Episode Fan Reviews (12)

Write A Review
out of 10
219 votes
  • The Enterprise discovers a planet duplicate of early 1960s Earth, where the only inhabitants are children. Kirk and the landing party are stranded on the planet due to a disease which has wiped out the planet's elders. In some places, a chilling episode..

    Here in the United Kingdom, this episode was famously absent from the BBC's (many) runs of the series for many years, due to it's content being deemed unsuitable for its timeslot. It was not broadcast on terrestrial television until it finally appeared in the early 1990s.

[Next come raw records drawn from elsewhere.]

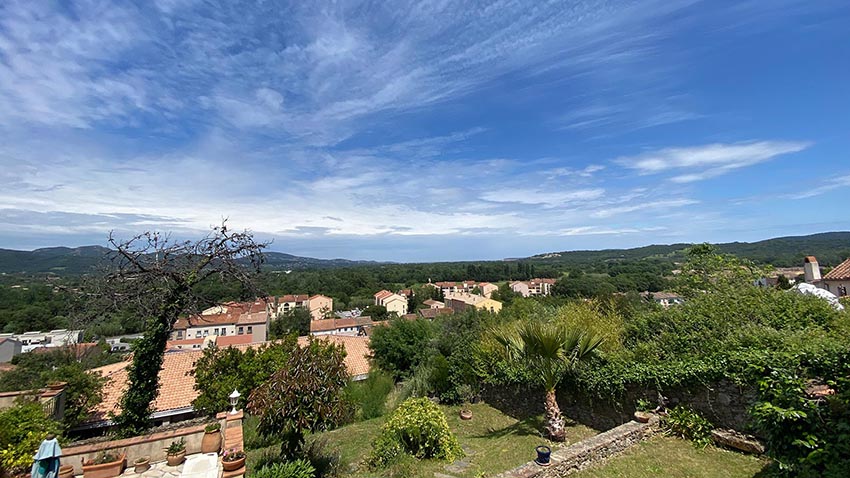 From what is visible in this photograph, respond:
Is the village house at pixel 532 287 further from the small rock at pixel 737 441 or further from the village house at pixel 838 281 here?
the small rock at pixel 737 441

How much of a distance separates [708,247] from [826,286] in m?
7.33

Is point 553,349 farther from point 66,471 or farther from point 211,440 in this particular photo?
point 66,471

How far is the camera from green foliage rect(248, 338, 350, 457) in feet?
19.4

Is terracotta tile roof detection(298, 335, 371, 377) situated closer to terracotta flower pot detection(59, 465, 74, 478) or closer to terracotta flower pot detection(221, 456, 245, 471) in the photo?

    Anyway, this is another good first season episode of the classic series. It does indeed have its dark and chilling moments, such as the zombie-like diseased older children, and the scene of Captain Kirk being battered and beaten by the horde of children as a young girl watches and smiles.

    One thing that is never fully addressed is the whole location in the first place – a duplicate of early 1960s Earth. Although the whole teaser revolves around it, by the time the landing party beam down, the plot about the only survivors being children takes over, and by the latter acts the whole duplicate Earth element is practically forgotten; it is never really explained.

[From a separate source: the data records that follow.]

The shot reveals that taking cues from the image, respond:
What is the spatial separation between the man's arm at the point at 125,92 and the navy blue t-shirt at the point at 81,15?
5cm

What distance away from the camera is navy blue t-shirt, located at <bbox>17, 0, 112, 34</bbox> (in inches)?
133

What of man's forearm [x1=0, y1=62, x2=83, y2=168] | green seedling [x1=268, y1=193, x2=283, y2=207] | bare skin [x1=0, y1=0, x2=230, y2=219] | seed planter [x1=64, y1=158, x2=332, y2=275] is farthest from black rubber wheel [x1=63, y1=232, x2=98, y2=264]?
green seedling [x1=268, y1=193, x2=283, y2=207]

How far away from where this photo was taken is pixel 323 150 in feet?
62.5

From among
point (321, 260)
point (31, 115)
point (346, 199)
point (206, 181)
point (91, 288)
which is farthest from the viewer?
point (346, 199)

    Kim Darby gives a good performance of the young Miri of the title, although at times, just how close Kirk gets to her does feel slightly uncomfortable in my opinion. But even so, they make for some nice scenes.
    Michael J. Pollard, who plays Jahn, the 'leader' of the children, looks a bit too old compared to the rest of them, but gives a fair performance. Also mixed in with the youths are Gene Roddenberry's daughter, William Shatner's daughter, and Grace Lee Whitney's two sons.

    Kirk very much saves the day by giving the children one of his famous 'Kirk speeches'. (These even continued into 'T.J. Hooker' in 1982!). If all else fails, get Kirk to make a speech!!

    All-in-all, this is a good episode. However, I do feel that there is something lacking to make it a true series classic. But it still stands as a good one.

    "No more blah blah blah" indeed!